■ **SOURCE MATERIAL**

┏━━

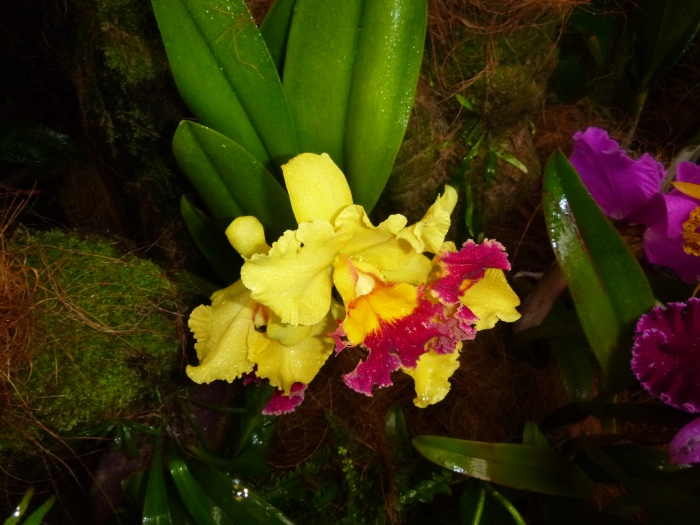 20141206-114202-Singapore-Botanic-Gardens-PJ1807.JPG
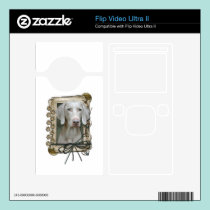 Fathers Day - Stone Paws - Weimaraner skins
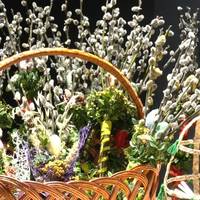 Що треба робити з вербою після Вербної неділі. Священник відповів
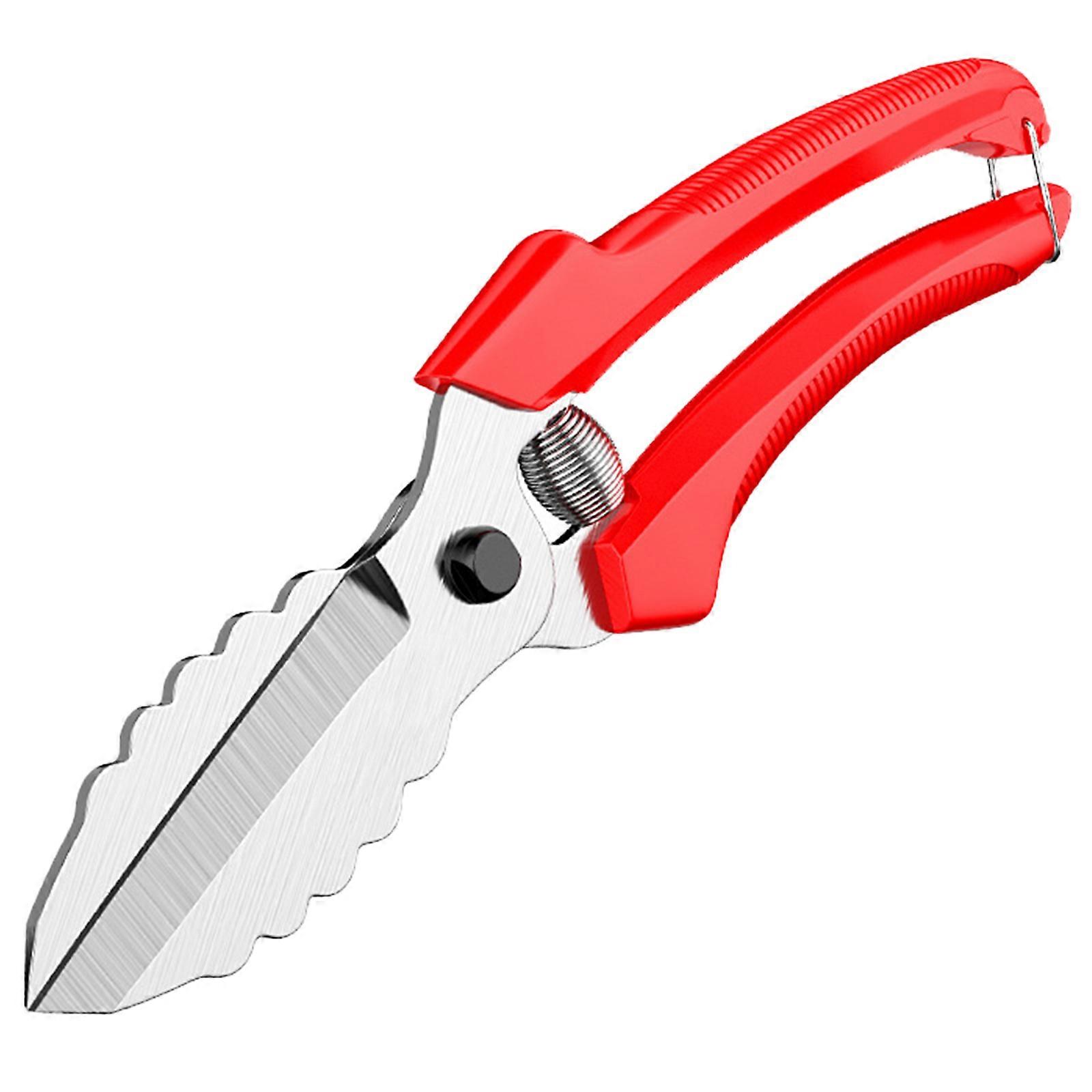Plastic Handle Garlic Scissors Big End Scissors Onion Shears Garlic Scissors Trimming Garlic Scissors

┗━━

■ **DIRECTIONS**
In the printed copy, the material above must appear unchanged and without its pictures.

■ **SOLUTION FOR THIS EXERCISE**
 20141206-114202-Singapore-Botanic-Gardens-PJ1807.JPG
 Fathers Day - Stone Paws - Weimaraner skins
 Що треба робити з вербою після Вербної неділі. Священник відповів
Plastic Handle Garlic Scissors Big End Scissors Onion Shears Garlic Scissors Trimming Garlic Scissors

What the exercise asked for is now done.